Porque si nos damos cuenta, Descartes no llegó a salirse de los esquemas medievales, como nos recuerdan Ortega y Gasset o Gadamer. Podemos decir que no estuvo a la altura de su cogito. Como sabemos, ante la falta de certeza de lo aprehendido mediante los sentidos, Descartes buscó su piedra angular en el propio hecho de ser consciente de lo que le está ocurriendo a uno, de lo que está haciendo. Nuestros sentidos nos pueden engañar, puede no ser cierto aquello que estoy percibiendo; pero lo que no puede no ser cierto es que estoy percibiendo algo, que lo estoy elaborando cognitivamente. Eso no.

Sin embargo (y por esto digo que no fue capaz de superar los esquemas clásicos) Descartes hizo una inferencia de dudosa fiabilidad. De lo que podemos estar seguros es de que hay un pensamiento: eso es lo cierto, el pensamiento. Pero Descartes, fiel a la concepción clásica y antigua de que por debajo de toda cosa hay una substancia que la subyace y la fundamenta, necesitaba ‘algo’ en lo que fundamentar dicho pensamiento, algo que no fue otra cosa que el ‘yo pensante’. Y aquí Descartes mezcló dos cosas: un pensamiento que por su propia índole es evanescente con un ser que por su propia índole es estático, mediante una inferencia de difícil verosimilitud. Éste es el gran problema del idealismo: que en su origen ya nace —digamos— torcido.

Lo cierto es el pensamiento, la plena presencia en nuestra mente; el yo que lo piensa ya no es algo primario, sino una inferencia secundaria, pues realmente el yo existe en tanto que hay un pensamiento que es pensado. Sin el pensamiento, no tendríamos noticia de ese yo. Lo radical es el pensamiento; el sujeto es secundario. Y sin embargo para Descartes lo radical es el yo que piensa. Descartes no pudo asumir el peculiar carácter de la existencia de un pensamiento: su fluidez extrema, esa plena dinamicidad, su fugacidad,… algo que sólo existe en tanto que es pensado y que en cuanto deja de pensarse se volatiliza; él necesitaba acudir a algo que pudiera tocar con los dedos, a algo sustancial. Así, lo radical fue el yo que piensa —la res cogitans— y el pensamiento pasó a ser un atributo de ese yo. Lo que era radical pasó a ser secundario, y lo que era secundario pasó a ser lo radical.
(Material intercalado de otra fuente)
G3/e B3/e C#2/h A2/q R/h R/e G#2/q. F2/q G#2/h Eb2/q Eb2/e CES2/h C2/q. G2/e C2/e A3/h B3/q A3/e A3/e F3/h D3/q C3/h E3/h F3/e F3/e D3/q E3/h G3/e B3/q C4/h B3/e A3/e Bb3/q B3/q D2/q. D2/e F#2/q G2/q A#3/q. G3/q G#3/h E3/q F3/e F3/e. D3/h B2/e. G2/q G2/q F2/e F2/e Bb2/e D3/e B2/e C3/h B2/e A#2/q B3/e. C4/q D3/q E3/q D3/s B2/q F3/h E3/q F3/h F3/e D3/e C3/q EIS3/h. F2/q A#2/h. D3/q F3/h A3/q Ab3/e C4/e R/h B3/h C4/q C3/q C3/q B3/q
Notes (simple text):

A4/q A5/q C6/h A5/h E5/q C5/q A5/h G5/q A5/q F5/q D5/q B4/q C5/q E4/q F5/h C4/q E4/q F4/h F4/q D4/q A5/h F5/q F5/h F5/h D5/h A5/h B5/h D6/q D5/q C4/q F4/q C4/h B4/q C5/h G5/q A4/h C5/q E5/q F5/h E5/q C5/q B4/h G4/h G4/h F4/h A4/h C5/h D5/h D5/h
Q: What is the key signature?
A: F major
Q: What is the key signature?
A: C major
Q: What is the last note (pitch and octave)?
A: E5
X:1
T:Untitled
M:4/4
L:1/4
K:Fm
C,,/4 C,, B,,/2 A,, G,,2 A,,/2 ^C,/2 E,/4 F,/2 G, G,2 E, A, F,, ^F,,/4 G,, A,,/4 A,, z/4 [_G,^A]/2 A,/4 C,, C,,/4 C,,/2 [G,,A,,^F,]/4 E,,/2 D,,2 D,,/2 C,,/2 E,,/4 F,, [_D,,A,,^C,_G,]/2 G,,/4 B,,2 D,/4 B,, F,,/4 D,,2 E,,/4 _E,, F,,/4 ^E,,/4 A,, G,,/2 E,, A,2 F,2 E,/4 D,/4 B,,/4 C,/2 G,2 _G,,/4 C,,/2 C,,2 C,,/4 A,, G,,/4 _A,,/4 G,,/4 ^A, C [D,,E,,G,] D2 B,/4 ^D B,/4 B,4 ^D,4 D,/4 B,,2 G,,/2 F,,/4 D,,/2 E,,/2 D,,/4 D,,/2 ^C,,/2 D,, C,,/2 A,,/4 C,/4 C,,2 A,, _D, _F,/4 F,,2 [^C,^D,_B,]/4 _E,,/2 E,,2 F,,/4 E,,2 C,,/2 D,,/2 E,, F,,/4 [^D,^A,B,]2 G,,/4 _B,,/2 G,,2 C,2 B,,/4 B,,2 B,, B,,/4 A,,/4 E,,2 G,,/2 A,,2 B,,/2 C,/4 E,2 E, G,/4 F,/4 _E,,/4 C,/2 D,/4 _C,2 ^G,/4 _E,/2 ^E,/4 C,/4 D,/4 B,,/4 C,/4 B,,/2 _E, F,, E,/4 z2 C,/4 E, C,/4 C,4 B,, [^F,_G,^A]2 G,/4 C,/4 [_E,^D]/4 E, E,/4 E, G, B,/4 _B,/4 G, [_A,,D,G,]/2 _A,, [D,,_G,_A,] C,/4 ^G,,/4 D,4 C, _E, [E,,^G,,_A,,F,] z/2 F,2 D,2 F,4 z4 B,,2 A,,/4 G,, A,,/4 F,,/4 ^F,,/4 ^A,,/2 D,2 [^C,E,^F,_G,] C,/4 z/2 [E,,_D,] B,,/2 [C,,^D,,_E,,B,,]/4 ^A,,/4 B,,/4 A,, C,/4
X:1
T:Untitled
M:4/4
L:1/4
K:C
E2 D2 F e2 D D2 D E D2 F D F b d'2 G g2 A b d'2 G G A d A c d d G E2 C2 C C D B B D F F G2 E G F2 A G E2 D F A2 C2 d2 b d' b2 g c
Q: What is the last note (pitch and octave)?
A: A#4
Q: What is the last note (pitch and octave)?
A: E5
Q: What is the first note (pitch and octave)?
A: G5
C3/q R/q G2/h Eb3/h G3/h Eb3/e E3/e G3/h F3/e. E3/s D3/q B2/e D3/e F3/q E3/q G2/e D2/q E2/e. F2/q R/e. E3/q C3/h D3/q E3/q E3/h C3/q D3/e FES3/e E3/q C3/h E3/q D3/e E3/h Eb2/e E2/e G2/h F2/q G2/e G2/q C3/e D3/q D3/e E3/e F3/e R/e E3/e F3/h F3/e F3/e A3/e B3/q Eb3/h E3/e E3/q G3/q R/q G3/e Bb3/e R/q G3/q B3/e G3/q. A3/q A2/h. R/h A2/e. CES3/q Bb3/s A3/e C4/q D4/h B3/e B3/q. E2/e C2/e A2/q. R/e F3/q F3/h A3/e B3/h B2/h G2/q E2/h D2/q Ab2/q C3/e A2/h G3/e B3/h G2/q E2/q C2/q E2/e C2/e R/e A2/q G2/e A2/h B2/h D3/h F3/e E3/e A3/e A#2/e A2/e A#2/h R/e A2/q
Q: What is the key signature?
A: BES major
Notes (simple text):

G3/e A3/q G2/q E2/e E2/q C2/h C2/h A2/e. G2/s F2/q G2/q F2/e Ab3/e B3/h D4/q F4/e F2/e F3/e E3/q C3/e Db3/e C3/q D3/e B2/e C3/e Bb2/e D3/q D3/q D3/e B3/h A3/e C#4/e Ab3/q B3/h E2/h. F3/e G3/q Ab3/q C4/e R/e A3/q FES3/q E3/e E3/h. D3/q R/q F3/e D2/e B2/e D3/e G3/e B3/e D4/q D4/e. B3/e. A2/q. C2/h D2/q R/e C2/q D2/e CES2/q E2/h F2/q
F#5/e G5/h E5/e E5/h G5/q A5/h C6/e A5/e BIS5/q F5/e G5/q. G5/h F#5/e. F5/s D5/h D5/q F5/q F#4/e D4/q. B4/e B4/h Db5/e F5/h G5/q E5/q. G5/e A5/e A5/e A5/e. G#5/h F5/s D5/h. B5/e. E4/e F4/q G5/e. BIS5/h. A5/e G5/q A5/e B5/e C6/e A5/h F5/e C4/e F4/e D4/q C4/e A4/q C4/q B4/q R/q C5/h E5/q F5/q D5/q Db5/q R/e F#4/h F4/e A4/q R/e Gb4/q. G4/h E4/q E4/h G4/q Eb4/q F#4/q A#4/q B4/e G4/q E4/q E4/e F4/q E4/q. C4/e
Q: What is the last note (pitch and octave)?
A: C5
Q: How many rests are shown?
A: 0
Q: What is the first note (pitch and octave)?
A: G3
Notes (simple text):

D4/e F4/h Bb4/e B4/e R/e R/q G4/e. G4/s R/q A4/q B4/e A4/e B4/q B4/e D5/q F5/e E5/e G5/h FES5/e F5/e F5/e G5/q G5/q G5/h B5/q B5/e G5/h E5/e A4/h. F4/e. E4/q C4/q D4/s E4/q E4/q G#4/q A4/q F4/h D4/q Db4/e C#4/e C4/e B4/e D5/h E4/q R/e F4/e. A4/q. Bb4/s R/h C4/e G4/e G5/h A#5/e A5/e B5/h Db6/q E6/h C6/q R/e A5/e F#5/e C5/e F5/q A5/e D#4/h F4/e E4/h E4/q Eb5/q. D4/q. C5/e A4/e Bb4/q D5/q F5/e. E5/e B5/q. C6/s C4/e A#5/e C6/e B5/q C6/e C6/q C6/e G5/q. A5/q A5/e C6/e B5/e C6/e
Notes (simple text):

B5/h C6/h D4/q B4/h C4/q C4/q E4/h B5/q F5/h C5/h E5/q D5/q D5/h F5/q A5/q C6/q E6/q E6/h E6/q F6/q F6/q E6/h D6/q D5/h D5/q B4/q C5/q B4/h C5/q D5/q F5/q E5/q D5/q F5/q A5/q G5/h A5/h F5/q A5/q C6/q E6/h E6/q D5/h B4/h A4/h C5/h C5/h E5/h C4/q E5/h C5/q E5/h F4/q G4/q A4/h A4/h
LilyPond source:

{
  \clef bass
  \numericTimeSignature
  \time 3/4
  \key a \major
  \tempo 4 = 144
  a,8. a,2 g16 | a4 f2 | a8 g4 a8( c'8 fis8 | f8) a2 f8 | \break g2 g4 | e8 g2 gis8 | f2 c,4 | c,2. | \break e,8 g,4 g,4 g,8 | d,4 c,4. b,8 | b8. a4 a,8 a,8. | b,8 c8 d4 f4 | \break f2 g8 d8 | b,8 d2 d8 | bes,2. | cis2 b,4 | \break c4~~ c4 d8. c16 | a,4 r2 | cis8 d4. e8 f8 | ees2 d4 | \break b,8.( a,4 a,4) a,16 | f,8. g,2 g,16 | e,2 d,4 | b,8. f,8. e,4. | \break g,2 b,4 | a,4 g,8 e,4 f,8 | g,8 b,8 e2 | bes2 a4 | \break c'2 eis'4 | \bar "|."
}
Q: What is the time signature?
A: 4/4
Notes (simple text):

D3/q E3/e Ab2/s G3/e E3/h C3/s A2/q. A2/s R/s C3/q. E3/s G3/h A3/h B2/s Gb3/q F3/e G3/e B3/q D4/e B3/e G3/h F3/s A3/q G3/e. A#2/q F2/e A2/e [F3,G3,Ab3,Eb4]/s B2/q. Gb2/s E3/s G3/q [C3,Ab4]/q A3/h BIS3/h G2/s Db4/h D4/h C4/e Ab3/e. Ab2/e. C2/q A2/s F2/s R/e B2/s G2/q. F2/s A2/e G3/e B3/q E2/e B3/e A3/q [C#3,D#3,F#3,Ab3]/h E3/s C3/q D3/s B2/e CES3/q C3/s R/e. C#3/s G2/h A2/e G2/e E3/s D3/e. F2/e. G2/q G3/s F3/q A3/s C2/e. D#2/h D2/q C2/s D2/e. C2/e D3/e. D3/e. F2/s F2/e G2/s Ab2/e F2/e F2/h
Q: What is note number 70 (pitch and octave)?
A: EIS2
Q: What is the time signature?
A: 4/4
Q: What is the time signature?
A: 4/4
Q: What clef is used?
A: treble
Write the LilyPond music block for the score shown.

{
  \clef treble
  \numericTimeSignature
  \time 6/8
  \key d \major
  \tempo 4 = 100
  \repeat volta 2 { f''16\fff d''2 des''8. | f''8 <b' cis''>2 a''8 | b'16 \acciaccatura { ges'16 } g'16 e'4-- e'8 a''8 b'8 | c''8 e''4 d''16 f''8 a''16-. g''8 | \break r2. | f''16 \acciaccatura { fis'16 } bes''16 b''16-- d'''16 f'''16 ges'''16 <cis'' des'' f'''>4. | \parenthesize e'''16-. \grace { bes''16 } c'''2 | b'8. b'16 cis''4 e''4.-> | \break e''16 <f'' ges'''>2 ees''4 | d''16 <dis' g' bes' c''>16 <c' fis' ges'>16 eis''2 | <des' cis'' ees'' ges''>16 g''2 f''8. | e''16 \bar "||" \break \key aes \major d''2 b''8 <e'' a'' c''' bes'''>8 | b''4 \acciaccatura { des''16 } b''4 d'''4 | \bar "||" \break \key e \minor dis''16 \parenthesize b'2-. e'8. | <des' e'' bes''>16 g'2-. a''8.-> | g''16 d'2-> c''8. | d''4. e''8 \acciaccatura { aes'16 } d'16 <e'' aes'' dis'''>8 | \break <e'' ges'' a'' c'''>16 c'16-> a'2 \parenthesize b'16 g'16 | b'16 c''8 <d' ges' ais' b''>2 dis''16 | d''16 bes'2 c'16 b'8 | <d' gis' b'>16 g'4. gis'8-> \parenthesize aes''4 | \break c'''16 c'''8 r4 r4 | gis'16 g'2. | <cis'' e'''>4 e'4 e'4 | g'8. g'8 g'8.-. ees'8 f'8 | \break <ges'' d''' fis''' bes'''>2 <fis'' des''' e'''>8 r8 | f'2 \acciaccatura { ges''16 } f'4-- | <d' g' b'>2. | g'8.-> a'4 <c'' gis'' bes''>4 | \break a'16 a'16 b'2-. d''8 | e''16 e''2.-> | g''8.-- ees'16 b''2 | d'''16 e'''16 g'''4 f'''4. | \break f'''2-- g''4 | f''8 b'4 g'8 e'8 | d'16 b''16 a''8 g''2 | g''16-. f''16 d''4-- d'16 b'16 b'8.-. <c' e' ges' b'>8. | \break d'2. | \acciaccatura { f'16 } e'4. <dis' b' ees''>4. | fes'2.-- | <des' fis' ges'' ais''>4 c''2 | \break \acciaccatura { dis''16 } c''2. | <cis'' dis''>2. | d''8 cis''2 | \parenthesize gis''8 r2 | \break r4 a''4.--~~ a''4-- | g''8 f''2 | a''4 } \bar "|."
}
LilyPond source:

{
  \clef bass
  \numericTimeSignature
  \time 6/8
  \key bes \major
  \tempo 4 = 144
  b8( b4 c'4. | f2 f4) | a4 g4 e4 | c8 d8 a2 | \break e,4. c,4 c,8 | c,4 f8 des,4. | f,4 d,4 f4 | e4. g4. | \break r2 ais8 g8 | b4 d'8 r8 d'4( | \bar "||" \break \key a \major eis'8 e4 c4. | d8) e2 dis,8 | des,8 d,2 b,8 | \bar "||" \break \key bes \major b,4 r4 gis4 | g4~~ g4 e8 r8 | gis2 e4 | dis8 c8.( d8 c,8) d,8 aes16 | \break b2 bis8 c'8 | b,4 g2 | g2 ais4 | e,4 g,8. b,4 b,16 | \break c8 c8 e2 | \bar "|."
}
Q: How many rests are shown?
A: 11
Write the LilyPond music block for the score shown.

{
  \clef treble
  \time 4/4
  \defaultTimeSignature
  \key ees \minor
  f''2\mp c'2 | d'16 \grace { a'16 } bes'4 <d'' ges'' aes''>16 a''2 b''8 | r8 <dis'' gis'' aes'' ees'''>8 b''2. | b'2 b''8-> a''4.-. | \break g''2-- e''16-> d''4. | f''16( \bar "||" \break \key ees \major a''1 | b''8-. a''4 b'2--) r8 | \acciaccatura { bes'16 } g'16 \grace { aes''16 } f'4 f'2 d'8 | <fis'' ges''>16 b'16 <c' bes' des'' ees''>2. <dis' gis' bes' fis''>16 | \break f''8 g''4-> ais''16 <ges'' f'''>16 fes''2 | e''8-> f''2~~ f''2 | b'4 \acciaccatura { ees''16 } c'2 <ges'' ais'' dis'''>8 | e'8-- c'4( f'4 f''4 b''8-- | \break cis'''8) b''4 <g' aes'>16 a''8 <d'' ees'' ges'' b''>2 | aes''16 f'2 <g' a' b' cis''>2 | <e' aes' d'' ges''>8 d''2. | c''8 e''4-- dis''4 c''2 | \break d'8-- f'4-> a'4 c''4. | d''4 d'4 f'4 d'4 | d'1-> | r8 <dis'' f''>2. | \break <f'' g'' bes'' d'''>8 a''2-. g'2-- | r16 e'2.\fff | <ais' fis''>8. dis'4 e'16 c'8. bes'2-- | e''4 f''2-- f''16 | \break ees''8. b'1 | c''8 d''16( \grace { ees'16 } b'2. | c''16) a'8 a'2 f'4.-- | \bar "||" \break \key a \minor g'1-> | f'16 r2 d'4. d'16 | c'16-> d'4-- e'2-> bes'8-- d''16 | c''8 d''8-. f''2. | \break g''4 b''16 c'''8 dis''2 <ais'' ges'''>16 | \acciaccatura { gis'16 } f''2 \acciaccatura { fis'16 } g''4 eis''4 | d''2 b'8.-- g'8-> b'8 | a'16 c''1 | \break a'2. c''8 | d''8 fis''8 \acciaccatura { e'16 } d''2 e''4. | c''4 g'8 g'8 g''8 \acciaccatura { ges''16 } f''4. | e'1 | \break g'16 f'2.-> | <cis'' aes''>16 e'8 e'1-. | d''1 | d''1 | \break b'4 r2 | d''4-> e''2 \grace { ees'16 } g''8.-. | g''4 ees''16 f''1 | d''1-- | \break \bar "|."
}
Ello provocó que el hombre moderno se encerrara en sí mismo, en el sentido de que si lo radical es el yo que piensa, necesariamente sólo podía dar fe de aquello que se encontrara presente en su propia conciencia. Las cosas reales comenzaron a ser problemáticas, ya que sólo podíamos tener certeza de ellas en tanto que contenidos de conciencia. Pero, ¿es esto sostenible? No digamos un ‘no’ demasiado rápido.

En primera instancia, efectivamente parece que no es sostenible. ¿Cómo va a reducirse el mundo a ser un mero contenido de conciencia?, ¿cómo podemos considerar al mundo como representación (Schopenhauer)? El mundo no es representación sino ‘lo’ representado, que es distinto. Otra cosa —y aquí está el meollo— es que yo no pueda sino representarlo, pero ¿me legitima ello a reducirlo a mi representación? Si la postura realista se caracterizaba por dar más peso a las cosas que al sujeto cognoscente, la idealista se caracteriza por dar más peso al sujeto que a la propia realidad. Pero el caso es que ni aprehendemos las cosas tal y como ellas son en sí, ni tampoco son como nosotros las aprehendemos.

¿Qué hacer entonces? Quizá quepa una postura intermedia, que es la que se intentó adoptar desde la actitud fenomenológica. La fenomenología se erige en un intento de superación del solipsismo idealista pero sin caer en el realismo clásico, tarea encomiable y no tan fácil como parece. Otra cosa es que tuviera más o menos acierto en su tarea, pero que gracias a ella se dio un paso importante en la filosofía dejando su impronta en una actitud que influyó en una amplia parte de la reflexión contemporánea es indiscutible, como veremos en breve.